As Lenin remarked more than 80 years ago in his book "Imperialism, the highest stage of capitalism", the imperialist epoch not only creates imperialist powers and colonised countries, but also "diverse forms of dependent countries which, officially, are politically independent, but in fact are enmeshed in the net of financial and diplomatic dependence" - something that Lenin illustrated by using the case of Argentina.

With the total freedom of trade which came with independence, the country's commercial sector and, to a lesser extent, its banking sector, began to develop. This growth became even faster when Argentina was integrated into the world market from the mid-19th century. The European industrialised countries could now afford to import food coming from a country which had huge amounts of land but a limited workforce - specially with the development of technologies allowing large-scale transport and food preservation. Argentina had 12 million acres of fertile land and could offer its wheat, flax, cattle and wool to the entire world.

In return Argentina opened its market to industrial products imported from Europe as well as to the foreign capital required to develop the infrastructure it needed. By 1913, foreign capital accounted for half of invested capital in Argentina, with a third invested in the railways, another third in government bonds and the rest in public services, trade and finance. With 34,000 kilometres of tracks in 1914, the density of the rail network in the Pampa, the central fertile area, was comparable to the USA. But this railway network had been designed to link trading port of Buenos Aires to the rest of the country, without linking the other towns together. Between 1870 and 1930, four million people immigrated to the country, 70% from Spain and Italy.

Between 1910 and 1920, the structure of exports was more or less as follows: 45% wheat and oleaginous crops, 24% meat, 13% wool and 6% leather. These figures were to remain more or less stable for the next 60 years. Argentina's main customers were France, Belgium and, of course, Britain, which also controlled 35% of Argentina's imports.

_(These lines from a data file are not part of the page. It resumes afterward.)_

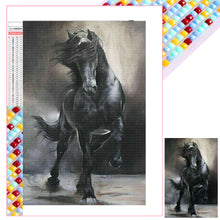 Load image into Gallery viewer, Diamond Painting - Full Square - black and white galloping horse (40*60CM)
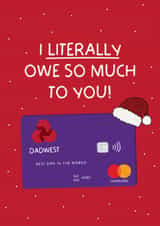 Funny Christmas Card - For Dad - Credit Card created by Puns and Needles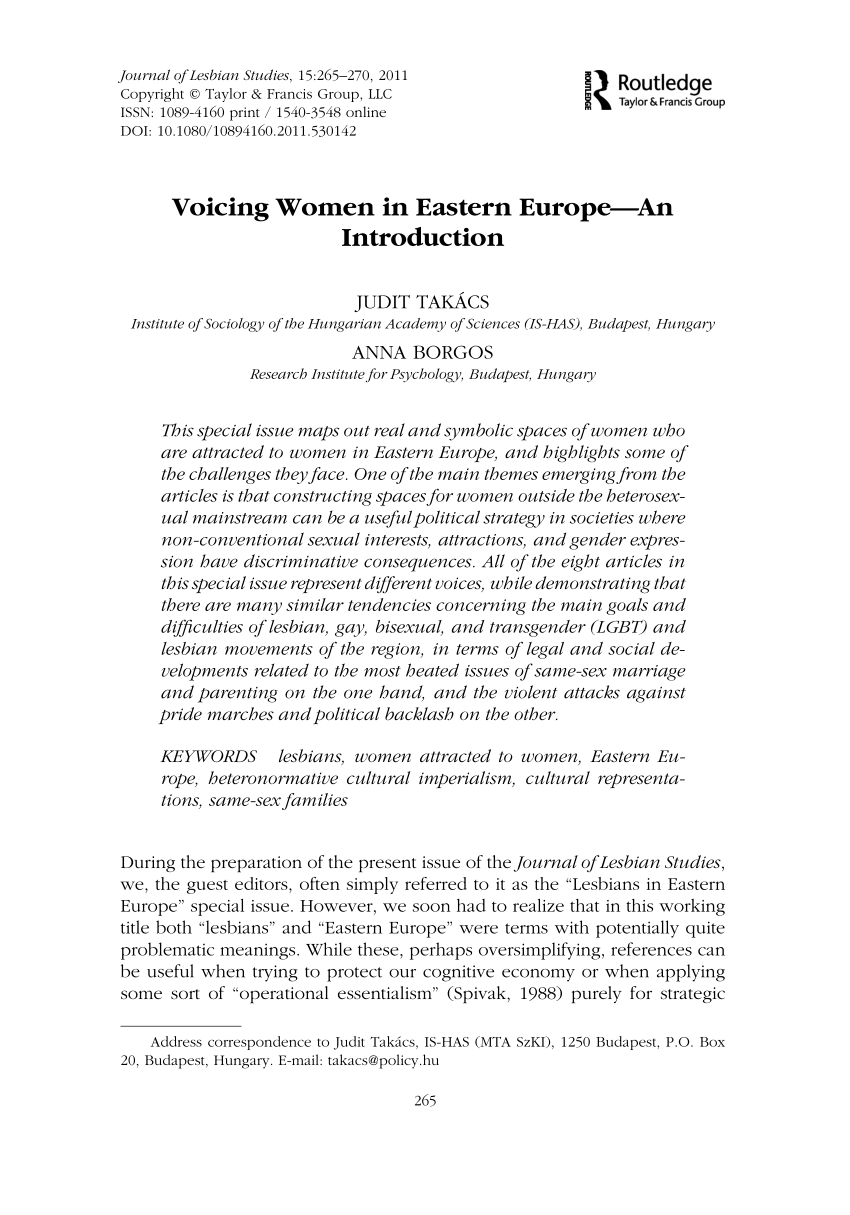 PDF) Voicing Women in Eastern Europe—An Introduction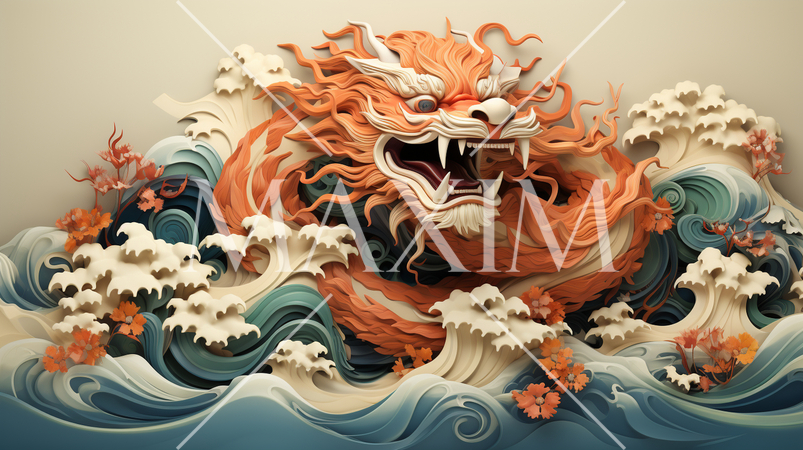 龍のミニマルアート（minimalism）のような表現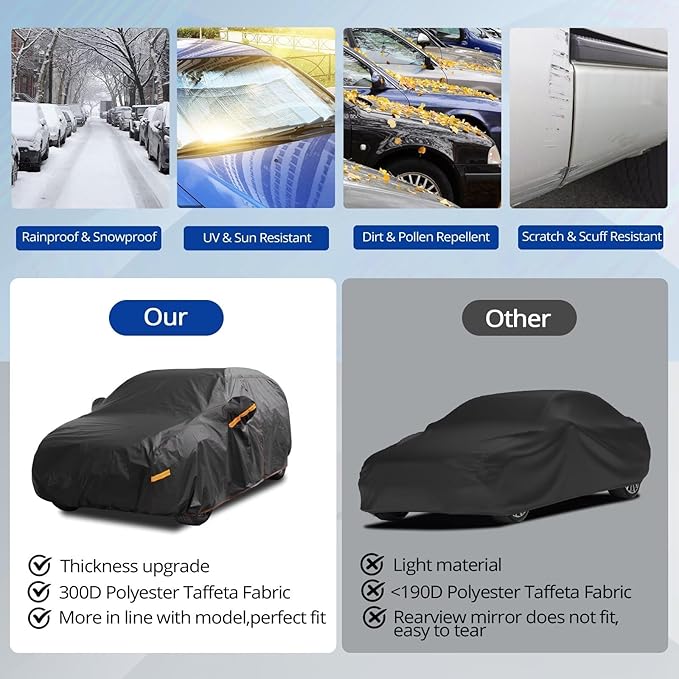 6 Layer Heavy Duty Hatchback Car Cover Waterproof All Weather Protection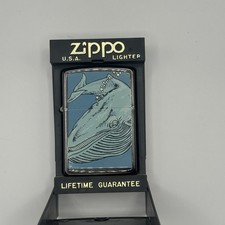 Rare Vintage Zippo Barrett Smythe Humpback Whale – HP Chrome – VIII (1992) MINT picture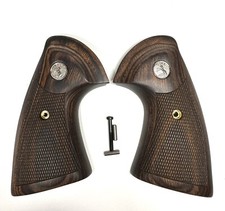 New Factory Colt Python Checkered Wood Grips with Silver Colt Medallions picture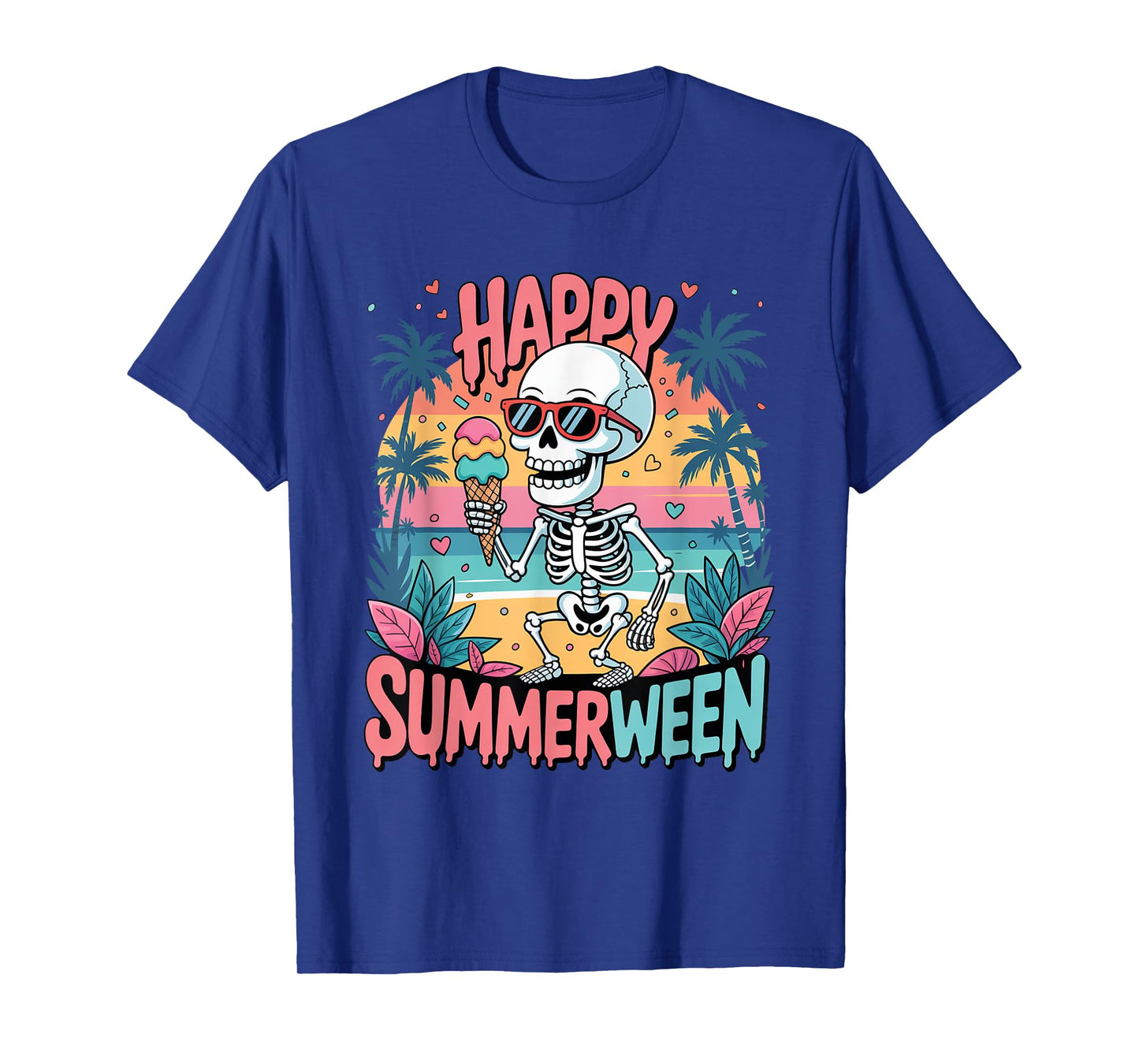 Summer Watermelon Jack-o-lantern Happy Summerween Skeleton T-Shirt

However the imperialist powers were in no rush to allow Argentina to benefit from their technology. The main obstacle to Argentina's economic development remained its system of land tenure inherited from the colonial days. Despite the expropriation (and massacre) of the Indian natives, which went on until 1880, the land remained in the hands of a tiny class of large landowners whose estates could be as large as 250,000 acres and were usually devoted to cattle, whereas traditional agriculture remained marginal. As a result the farming population remained small - only 24% of the total in 1914. And due to the country's limited industry the immigrant population was forced to survive in Buenos Aires in the small crafts industry. By 1914, the richest 2% of the population received 20% of all income while unemployment reached 20%.

The 1929 depression caused some changes in this situation. It resulted in a large reduction in the country's exports and the drying up of incoming foreign investment. As a result the country's ability to import goods was halved almost overnight. This was to force a limited development of domestic industry. However the industries which were created between 1930 and 1950 were primarily designed to produce import replacements for the consumption of the small privileged class. They were, therefore, confined to areas which did not require too much investment, such as textiles, food, tobacco, leather, light engineering and oil. As to the distribution of income, it remained unchanged.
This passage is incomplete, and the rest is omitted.